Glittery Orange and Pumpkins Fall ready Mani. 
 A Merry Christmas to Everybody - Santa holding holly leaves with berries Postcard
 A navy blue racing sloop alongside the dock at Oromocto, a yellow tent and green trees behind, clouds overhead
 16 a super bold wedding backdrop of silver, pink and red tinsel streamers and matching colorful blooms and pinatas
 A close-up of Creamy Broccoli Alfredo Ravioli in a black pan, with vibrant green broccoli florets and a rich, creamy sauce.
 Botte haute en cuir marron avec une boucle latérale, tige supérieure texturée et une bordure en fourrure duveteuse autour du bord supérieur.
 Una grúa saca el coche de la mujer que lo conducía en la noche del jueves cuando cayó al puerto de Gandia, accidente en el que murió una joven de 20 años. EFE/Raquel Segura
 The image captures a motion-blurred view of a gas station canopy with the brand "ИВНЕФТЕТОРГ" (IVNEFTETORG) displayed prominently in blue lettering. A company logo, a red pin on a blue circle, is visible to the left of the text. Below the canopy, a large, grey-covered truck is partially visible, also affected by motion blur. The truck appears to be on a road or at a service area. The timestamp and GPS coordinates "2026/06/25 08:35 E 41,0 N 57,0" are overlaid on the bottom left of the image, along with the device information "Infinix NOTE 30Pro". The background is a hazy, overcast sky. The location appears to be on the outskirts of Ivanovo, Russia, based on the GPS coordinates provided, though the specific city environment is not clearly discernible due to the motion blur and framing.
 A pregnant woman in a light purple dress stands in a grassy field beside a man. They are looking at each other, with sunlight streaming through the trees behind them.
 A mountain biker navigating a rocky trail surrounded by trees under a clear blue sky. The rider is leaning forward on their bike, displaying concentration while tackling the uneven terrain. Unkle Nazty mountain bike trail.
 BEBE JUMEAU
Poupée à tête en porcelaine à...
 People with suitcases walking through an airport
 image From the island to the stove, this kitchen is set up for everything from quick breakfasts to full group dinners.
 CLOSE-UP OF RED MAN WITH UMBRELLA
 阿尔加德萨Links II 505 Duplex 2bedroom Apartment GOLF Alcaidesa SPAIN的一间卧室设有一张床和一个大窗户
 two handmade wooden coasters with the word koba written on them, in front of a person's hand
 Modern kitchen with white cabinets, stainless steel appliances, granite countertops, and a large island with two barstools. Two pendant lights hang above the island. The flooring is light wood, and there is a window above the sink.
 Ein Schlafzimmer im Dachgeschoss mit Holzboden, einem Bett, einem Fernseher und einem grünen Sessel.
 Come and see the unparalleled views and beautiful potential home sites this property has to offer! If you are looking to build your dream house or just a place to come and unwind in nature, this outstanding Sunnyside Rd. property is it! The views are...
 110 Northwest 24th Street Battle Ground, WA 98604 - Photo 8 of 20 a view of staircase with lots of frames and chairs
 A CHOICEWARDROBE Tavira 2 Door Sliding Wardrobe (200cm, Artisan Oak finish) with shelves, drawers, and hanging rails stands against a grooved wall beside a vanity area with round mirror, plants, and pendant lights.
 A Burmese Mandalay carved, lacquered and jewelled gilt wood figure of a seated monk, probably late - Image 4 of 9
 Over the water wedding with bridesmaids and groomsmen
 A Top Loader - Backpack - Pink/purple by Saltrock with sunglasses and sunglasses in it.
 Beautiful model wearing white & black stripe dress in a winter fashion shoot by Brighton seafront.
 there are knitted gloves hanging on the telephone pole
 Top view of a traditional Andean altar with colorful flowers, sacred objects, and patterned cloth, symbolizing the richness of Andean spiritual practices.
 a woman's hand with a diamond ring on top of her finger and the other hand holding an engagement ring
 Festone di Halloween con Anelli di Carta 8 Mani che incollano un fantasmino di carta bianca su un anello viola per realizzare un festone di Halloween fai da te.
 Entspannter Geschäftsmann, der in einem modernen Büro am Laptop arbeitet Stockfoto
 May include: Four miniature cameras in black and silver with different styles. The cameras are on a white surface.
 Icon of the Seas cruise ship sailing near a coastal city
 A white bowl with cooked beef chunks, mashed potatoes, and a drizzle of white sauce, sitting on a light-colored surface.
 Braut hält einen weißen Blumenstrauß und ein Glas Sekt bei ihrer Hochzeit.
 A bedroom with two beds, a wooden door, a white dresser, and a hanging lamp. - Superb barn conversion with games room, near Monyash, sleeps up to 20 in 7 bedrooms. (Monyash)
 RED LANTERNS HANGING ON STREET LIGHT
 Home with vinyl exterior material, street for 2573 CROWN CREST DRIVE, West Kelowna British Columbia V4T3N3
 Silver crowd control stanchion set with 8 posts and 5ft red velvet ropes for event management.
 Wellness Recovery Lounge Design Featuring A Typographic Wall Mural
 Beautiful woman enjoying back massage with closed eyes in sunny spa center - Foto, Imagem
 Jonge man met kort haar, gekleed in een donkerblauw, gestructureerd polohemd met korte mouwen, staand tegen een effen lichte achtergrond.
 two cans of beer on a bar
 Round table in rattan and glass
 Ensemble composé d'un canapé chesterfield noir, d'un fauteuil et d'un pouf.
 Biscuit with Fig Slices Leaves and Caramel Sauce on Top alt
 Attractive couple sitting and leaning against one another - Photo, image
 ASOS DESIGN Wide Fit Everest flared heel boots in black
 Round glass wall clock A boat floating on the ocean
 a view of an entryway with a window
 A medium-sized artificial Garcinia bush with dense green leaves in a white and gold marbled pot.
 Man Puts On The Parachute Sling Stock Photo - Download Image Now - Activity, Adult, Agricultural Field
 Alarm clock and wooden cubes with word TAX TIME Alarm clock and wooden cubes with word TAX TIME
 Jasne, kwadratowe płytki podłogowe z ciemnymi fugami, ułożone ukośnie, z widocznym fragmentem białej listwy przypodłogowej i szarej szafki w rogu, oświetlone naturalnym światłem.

• **Your task**
An exact copy of the lines above, from the one containing "A navy blue" down to the one containing "two handmade wooden" and including both, is the whole answer; retype it and nothing else.

• **Expected answer**
 A navy blue racing sloop alongside the dock at Oromocto, a yellow tent and green trees behind, clouds overhead
 16 a super bold wedding backdrop of silver, pink and red tinsel streamers and matching colorful blooms and pinatas
 A close-up of Creamy Broccoli Alfredo Ravioli in a black pan, with vibrant green broccoli florets and a rich, creamy sauce.
 Botte haute en cuir marron avec une boucle latérale, tige supérieure texturée et une bordure en fourrure duveteuse autour du bord supérieur.
 Una grúa saca el coche de la mujer que lo conducía en la noche del jueves cuando cayó al puerto de Gandia, accidente en el que murió una joven de 20 años. EFE/Raquel Segura
 The image captures a motion-blurred view of a gas station canopy with the brand "ИВНЕФТЕТОРГ" (IVNEFTETORG) displayed prominently in blue lettering. A company logo, a red pin on a blue circle, is visible to the left of the text. Below the canopy, a large, grey-covered truck is partially visible, also affected by motion blur. The truck appears to be on a road or at a service area. The timestamp and GPS coordinates "2026/06/25 08:35 E 41,0 N 57,0" are overlaid on the bottom left of the image, along with the device information "Infinix NOTE 30Pro". The background is a hazy, overcast sky. The location appears to be on the outskirts of Ivanovo, Russia, based on the GPS coordinates provided, though the specific city environment is not clearly discernible due to the motion blur and framing.
 A pregnant woman in a light purple dress stands in a grassy field beside a man. They are looking at each other, with sunlight streaming through the trees behind them.
 A mountain biker navigating a rocky trail surrounded by trees under a clear blue sky. The rider is leaning forward on their bike, displaying concentration while tackling the uneven terrain. Unkle Nazty mountain bike trail.
 BEBE JUMEAU
Poupée à tête en porcelaine à...
 People with suitcases walking through an airport
 image From the island to the stove, this kitchen is set up for everything from quick breakfasts to full group dinners.
 CLOSE-UP OF RED MAN WITH UMBRELLA
 阿尔加德萨Links II 505 Duplex 2bedroom Apartment GOLF Alcaidesa SPAIN的一间卧室设有一张床和一个大窗户
 two handmade wooden coasters with the word koba written on them, in front of a person's hand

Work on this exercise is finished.